I've read hakmem and the stanford bit twiddling file too Wink

I'm posting this code to save it until I try it out. I have no idea how fast it will be (or even how many bytes it is, but I like its style Very Happy

The last 2 lines are optional, since calc84maniac didn't specify the routine had to be reusable. Without them I come to 37 bytes. Not sure how many CCs, but it'll vary depending on the number of 1s and 0s in the byte passed in a,

Code:

Init:
   ld hl,0
   ld b,a
   ld c,3
lstart:
   bit 0,b
   jr z,skadd
        ld a,l
   add a,c
        ld l,a
skadd:
   sla c
   sla c
   jr nz, hax
   ld c,h
   ld h,l
   ld l,c
   ld c,3
hax:
   ld a,(lstart+1)
   add a,00001000b
   ld (lstart+1),a
   cp %10000000
   jp nz,lstart

;; optional in case you want to run the code again.....
   ld a,%01000000
   ld (lstart+1),a


[edit]
fixed, one of my bit patterns was off. still not sure how many cc's.
136 clocks. 34 bytes.
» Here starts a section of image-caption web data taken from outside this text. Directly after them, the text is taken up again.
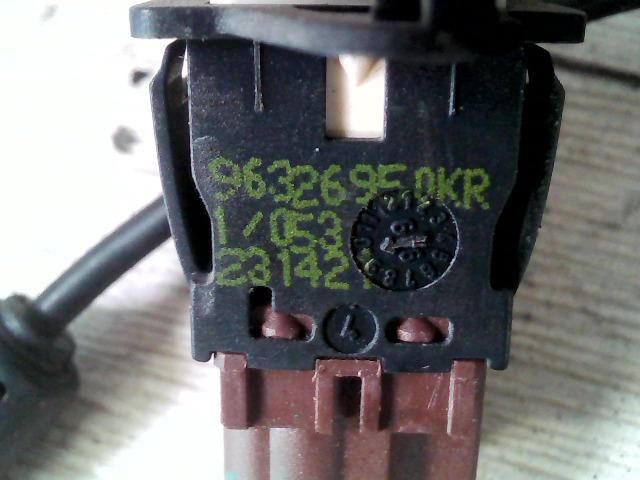 bontott CITROËN C5 Vészvillogó Kapcsoló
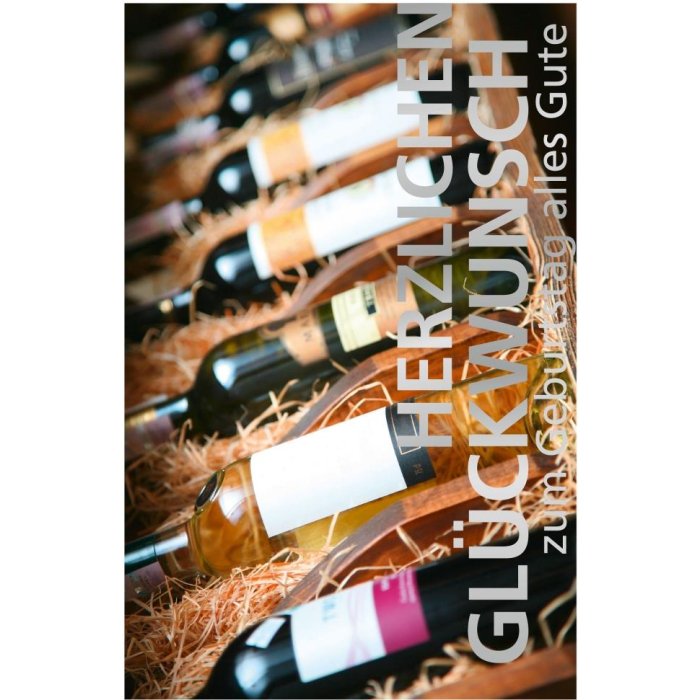 Artebene Card Embossing-Congratulazioni-Raccolta vini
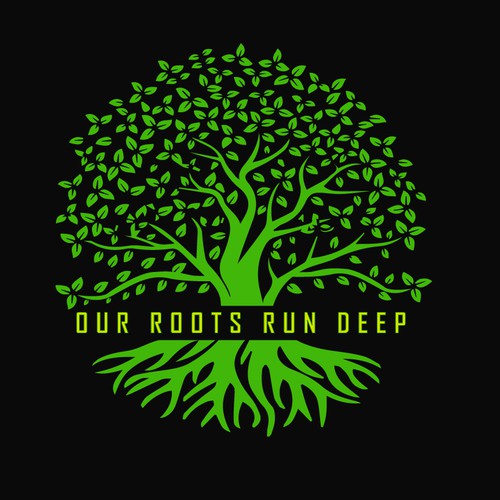 Our Roots Run Deep Illustration Design by Varshinisha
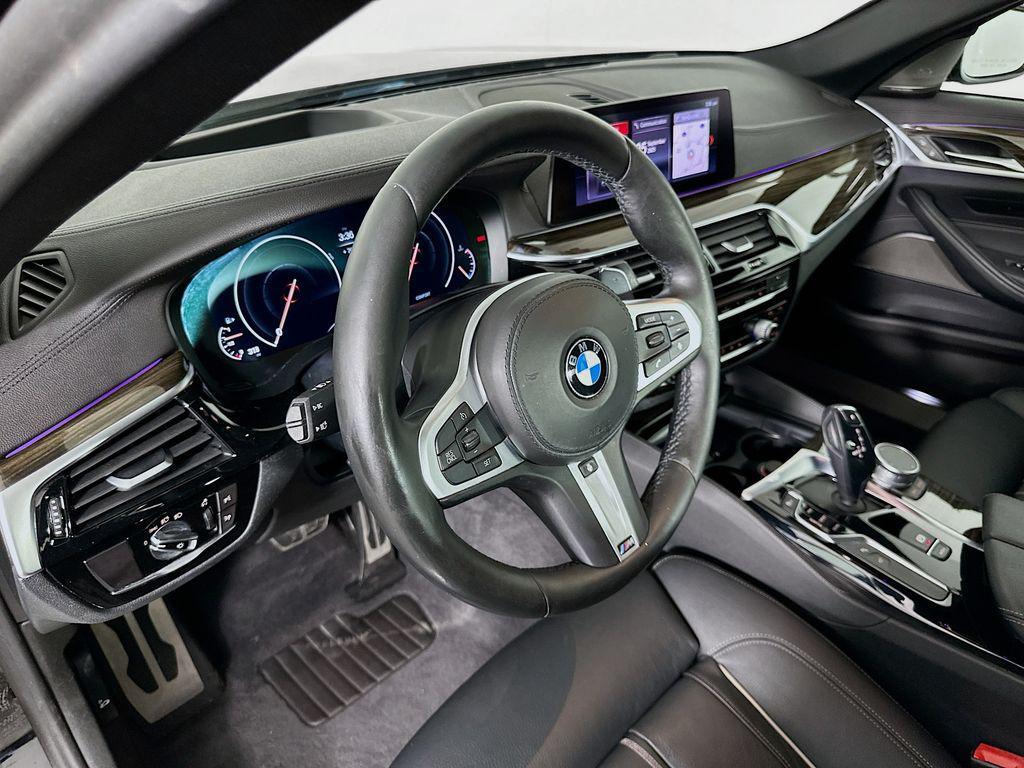 used 2019 BMW M550 car, priced at $29,980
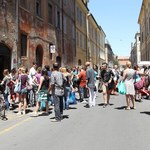 Trzęsienie ziemi na północy Włoch. Ludzie wybiegali z budynków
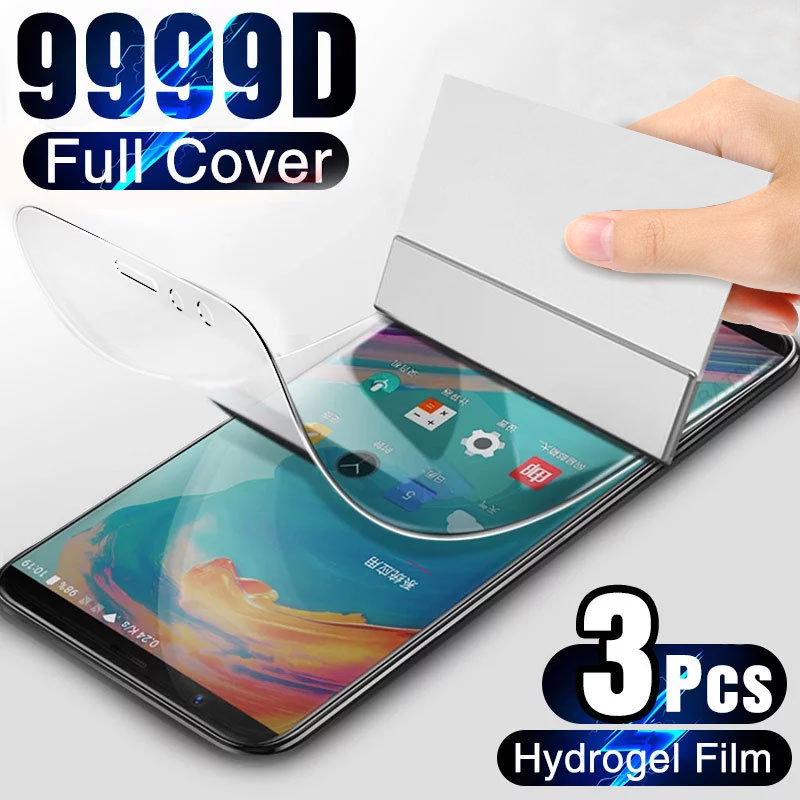 Protector de pantalla de hidro - Flexible Tpu Film reseña y precio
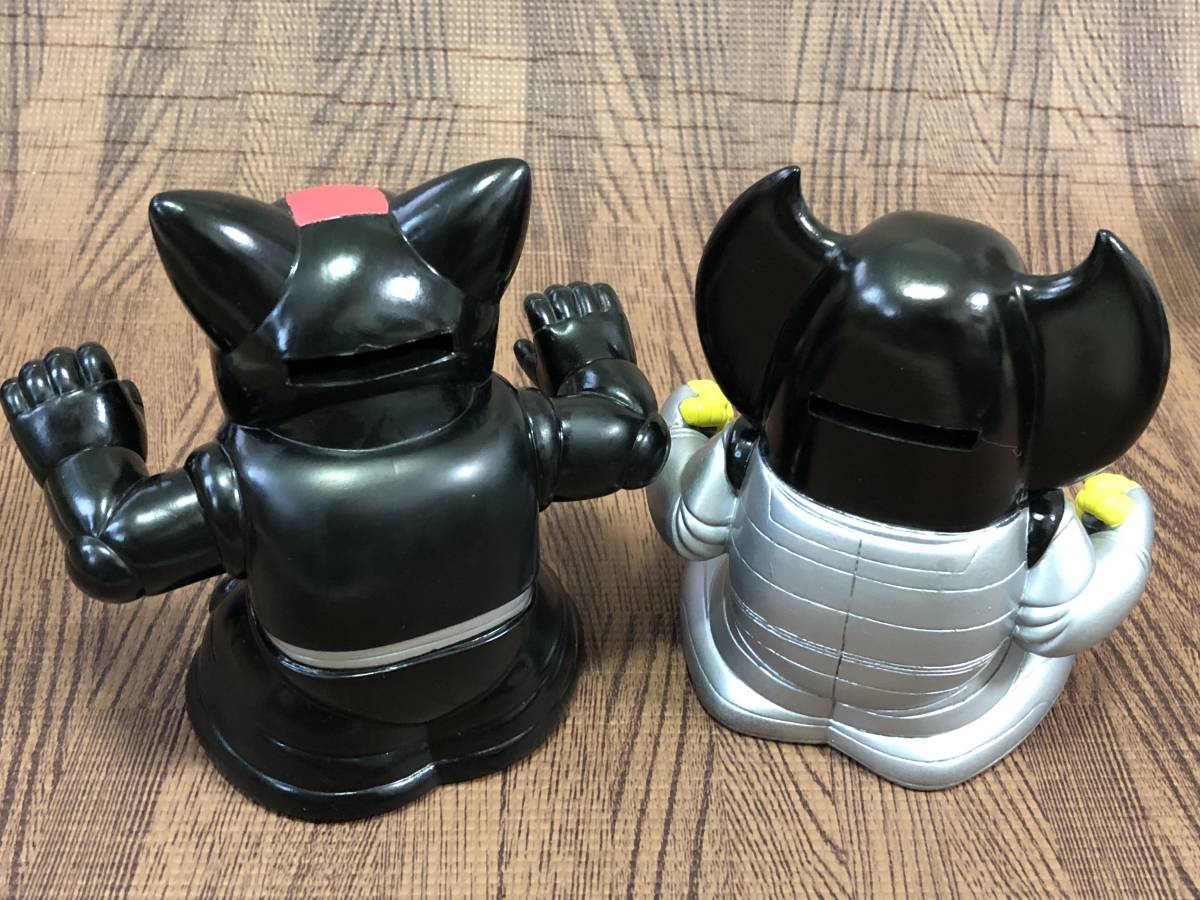 バンプレスト 横山光輝 ロボ ソフビ 貯金箱 コレクション 5体セット 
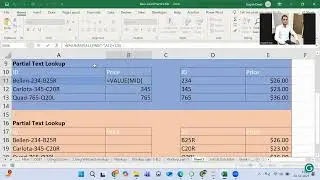 Hidden ID Lookup Using VLOOKUP in Excel | MID + FIND Trick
I win.
Edit: addition fail. 140 clocks 135 bytes.

Code:
   rrca; HABCDEFG   H      4   4
   rra;  HHABCDEF   G      4   8
   rra;  GHHABCDE   F      4   12
   rr l; GHHABCDE   ?   F   8   20
   sra a;GGHHABCD   E   F   8   28
   rl l; GGHHABCD   F   E   8   36
   ld h,a;         F   E   4   40
   rra;  FGGHHABC   D   E   4   44
   rr h; DGGHHABC*   D   E   8   52
   rr h; DDGGHHAB*   C   E   8   60
   rr h; CDDGGHHA*   B   E   8   68
   sra a;FFGGHHAB   C   E   8   76
   rr h; CCDDGGHH*   A   E   8   82
   rr l; FFGGHHAB   E      8   90
   rra;  EFFGGHHA   B      4   94
   rr h; BCCDDFFG*   G      8   102
   sra h;BBCCDDFF*   G      8   108
   sra a;EEFFGGHH   A      8   116
   rr h; ABBCCDDF*   F      8   124
   sra h;AABBCCDD         8   132
   ld l,a;EEFFGGHH A      4   136
Is that the whole thing? Why are you rr l'ing before you've assigned a value to l?
I rr l so I can get what was in carry later

My chart that I have beside it is What's in A, what's in Carry, and what did I rr l.
Shouldn't there be an "rrca" before the first line?
calc84, you are correct. I must have missed that on the copy paste. I'll fix that now.
Here's mine:

Code:
rrca
rra
rra
ld l,a
rra
sra l
rla
rr l
sra l
rra
rr l
sra l

rrca
rra
rra
ld h,a
rra
sra h
rla
rr h
sra h
rra
rr h
sra h
Hello!

It's not my turn to post, but I'm going to anyway 'cause I need a routine. Here is the task: create a routine that clears (white) a horizontal line on screen. BUT - not just any horizontal line, but a horizontal line that starts at h, l (x, y) and has a width of a.
So, if I were to, say, use this syntax:
ld h, 15
ld l, 20
ld a, 10
call ClearHorizLine
I would expect a horizontal line to be cleared at (15, 20) on screen that was 10 pixels long.

And....GO!
SirCmpwn wrote:
Hello!

It's not my turn to post, but I'm going to anyway 'cause I need a routine. Here is the task: create a routine that clears (white) a horizontal line on screen. BUT - not just any horizontal line, but a horizontal line that starts at h, l (x, y) and has a width of a.
So, if I were to, say, use this syntax:
ld h, 15
ld l, 20
ld a, 10
call ClearHorizLine
I would expect a horizontal line to be cleared at (15, 20) on screen that was 10 pixels long.

And....GO!


That isn't an algorithm challenge, its a "you're too lazy to just code it yourself" challenge, and those challenges suck.
Kllrnohj wrote:

That isn't an algorithm challenge, its a "you're too lazy to just code it yourself" challenge, and those challenges suck.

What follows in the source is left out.